Konuşmak bir yükken neden bunu bir de para kazanmak dışında bir amaçla yapalım?

Bir çağrı merkezinde kapana kısılmış fare misali günleri geçmektedir Jina’nın. İş dışında kimseyle konuşmama çağrı merkezi görevlisi  için bir avantaja dönmektedir. Her ayın en iyi elemanı olmak işten bile değildir. Tek sorun ise  telefonun ucundaki  o görünmez yüzler dışında hiçbir arkadaşın, hiçbir sesin hayatında yer almamasıdır. Herkesin hayatını işgal eden televizyon hariç tabii ki.

“Kalamar Game” de yakından tanıdığımız Kore Toplumu zaten yeterince dertten muzdarip iken bir çağrı merkezinde günlerini geçiren bir çalışanın dertleri hemen hemen kimsenin umurunda olmasa gerek.
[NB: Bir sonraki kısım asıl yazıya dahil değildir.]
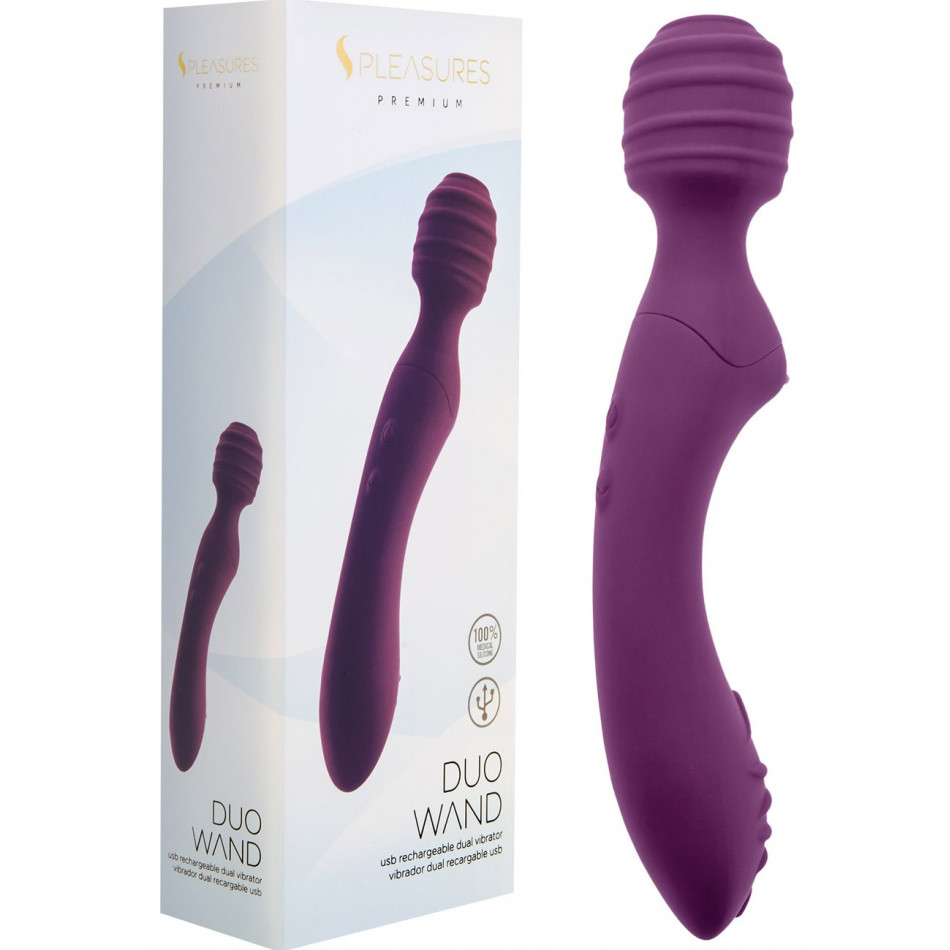 Vibromasseur Rechargeable Duo Wand Violet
Yine de filmin odaklandığı kahramanımız birbirinin aynı günleri sorgulamadan  ve buna yol açacak herkesi ve her şeyi dışlayarak aynı rutini tekrar tekrar  yaşamaktadır.

Yemek, uyku, iş ve işe gidiş gelişten ibaret bu rituelin içine kimse girmez ve girmemelidir. Yakın zamanda kaybettiği annesinin  ardından dahi iş performansının düşmemesi amirlerini gururlandırır. Onun bu fedakarlığını arkadaşlarına örnek gösterirler. Diğer yanda  bu bir fedakarlıktan çok yalnızlık mahkumu için sıradan bir seçimden ibarettir. Yüzünü görmediğin ve görmeyeceğin kişilerle konuşabilir ve yalnız yaşamını sürdürebilirsin.
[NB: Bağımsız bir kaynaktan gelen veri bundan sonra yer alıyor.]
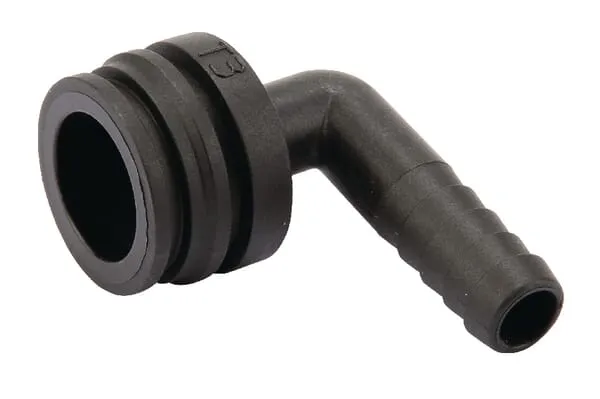 Hadicová přípojka 90° 13 mm s vnějším připojením T3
Bütün bu düzen kusursuz bir saat gibi devam etmekte ve hayat hiçbir zaman bu çizginin dışına taşmayacak görüntüsü vermektedir. Annesinin ölümünden sonra yalnız kalan babasıyla bile konuşmanın yükünü çekmez. Onun yerine eve yerleştirdiği kameradan izler babasını.

Bütün bu yalnızlığın ortasında kendisi gibi bir yalnız adamla selamlaşır zaman zaman. Ne var ki selamlaştığını sandığı adam aslında günler  önce ölmüştür. Hatta bu ölümün belki de tek tanığı kendisidir. Komşu adam eve yığdığı porno dergi yığınının altında nefessiz kalıp can vermiştir. Ve bu acaip ölümün sesi kahramanımızı yalnız yattığı yatakta irkilteli birkaç gün geçmiştir.

Komşu evdeki anlık gürültü onu meraklandırmazken,  ölü bedenin çürüme kokusu rahatsız eder.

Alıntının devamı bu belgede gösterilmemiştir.